There’s a marvellous looseness about Part of Me and Get Away that makes them sound like jam sessions, but you know everybody is completely aware of what they are doing – it’s a true essence of funk that only the very skilled can sound that casual. The good doctor is also totally at home with funk’s fundamental pointlessness, the notion that in order to work on the dancefloor tracks don’t need to be going anywhere, they just need to, well, be – or to quote George Clinton, funk is its own reward. Not that this means anything flimsy, as Rising Steps and Northern Comfort invoke southern soul at its gutsiest and groove-iest, while Trouble Woman (featuring a welcome return from Andrew Roachford) is rhythm and blues in the purest sense, it’s basically blues with a lot of rhythm.

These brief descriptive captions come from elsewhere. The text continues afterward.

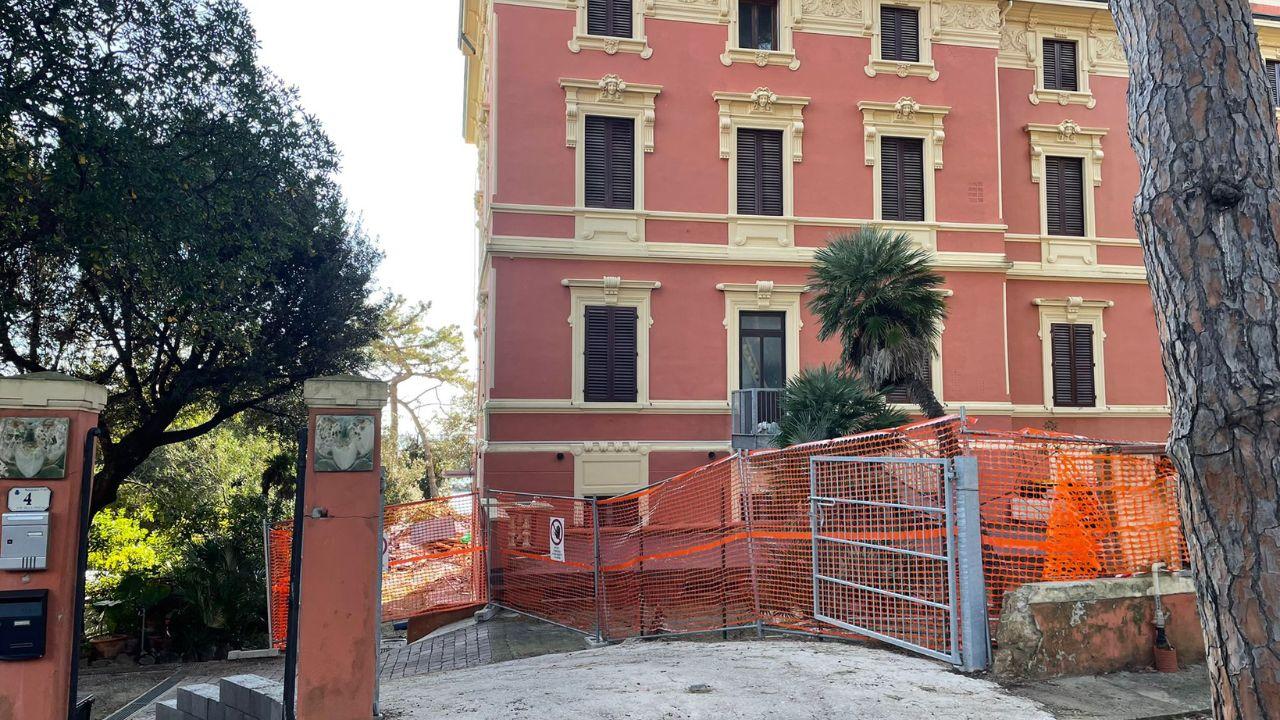 L’albergo Miramare in una foto recente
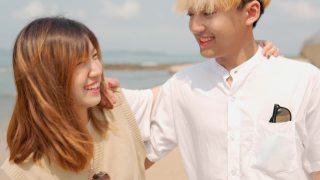 愉快的亚洲青年夫妇旅游当地旅游，青年关系。视频素材模板下载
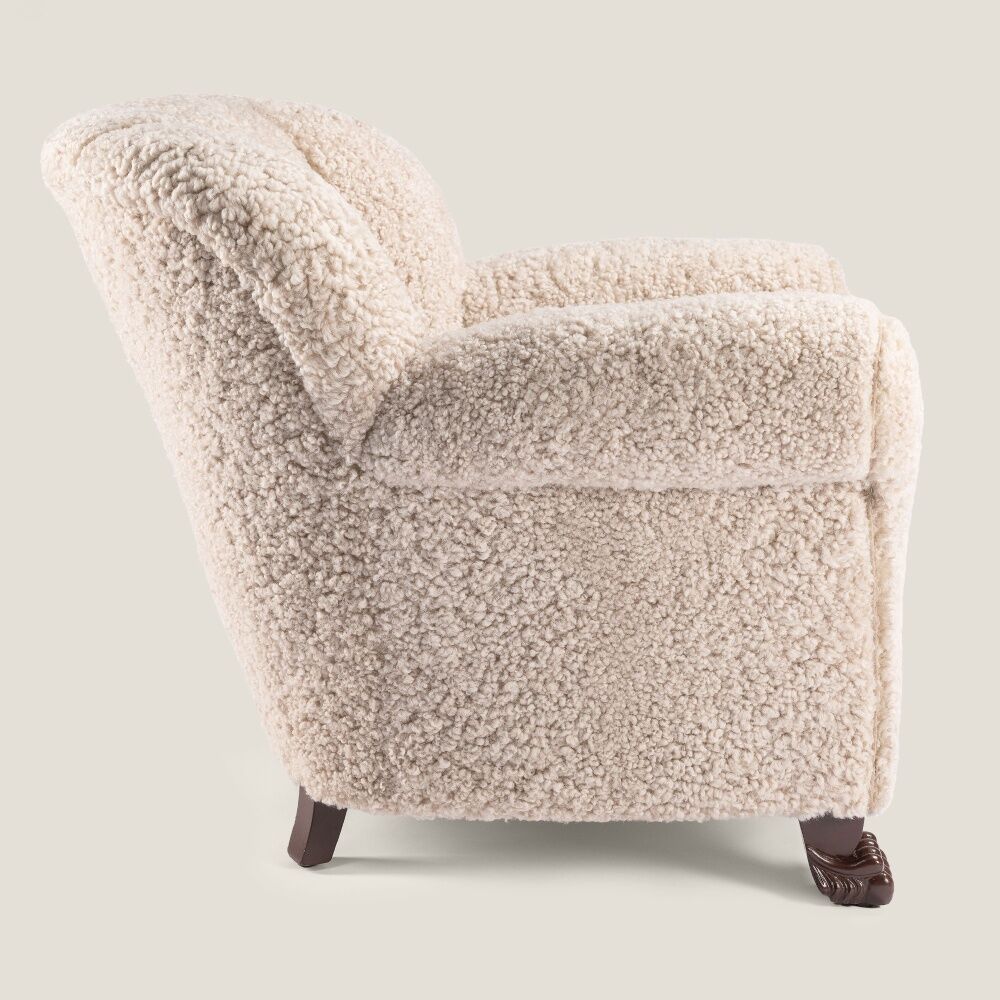 Lounge chair with lion claw feet
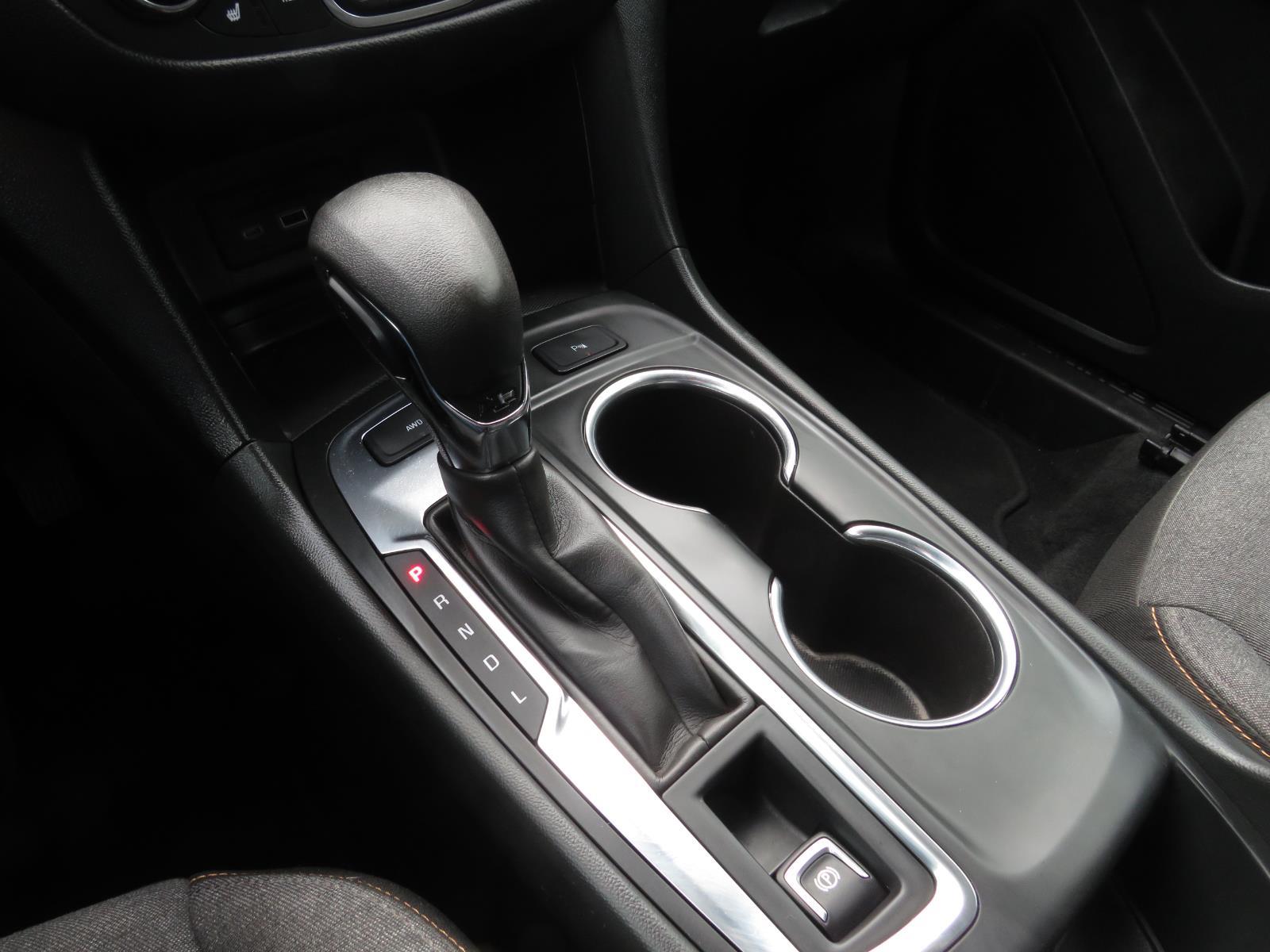 Used 2022 Silver Ice Metallic Chevrolet LT image 28
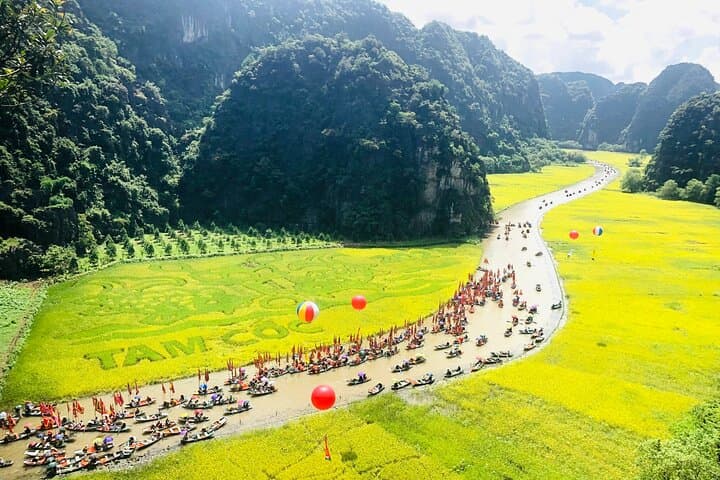 Private Car Tour: Ninh Binh Highlights from Hanoi to Trang An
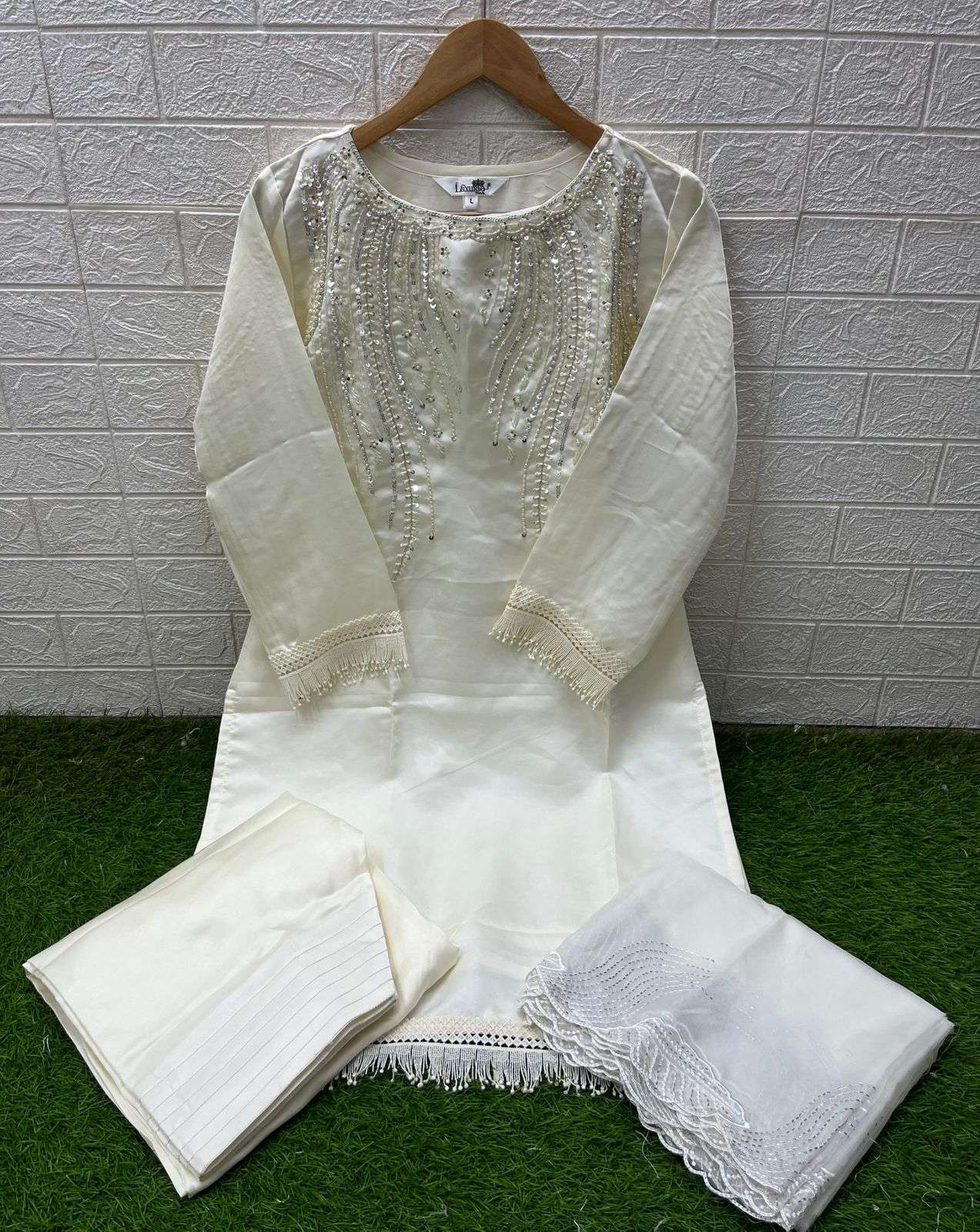 Laxuria Trendz 1605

Another big part of what makes this work is that Rubberfunk seems to understand the sheer randomness of so much good soul music, meaning no thought need remain unexpressed and pretty much any stylistic idea is a good one. Hence jazz/funk, and tracks on this set like Magic Beans and Theme From Hot Stone, each dedicated to showing off but never neglecting their fundamental danceable purpose.
The only cloud on this otherwise pleasingly funkified horizon, is Dutch chanteuse Sitzka: she features on four tracks yet she is hopeless – no range, no strength and no real clue of how to approach these songs. Which is a shame, but it shouldn’t be allowed to detract too much from Dr Rubberfunk’s amazing elastic grooves.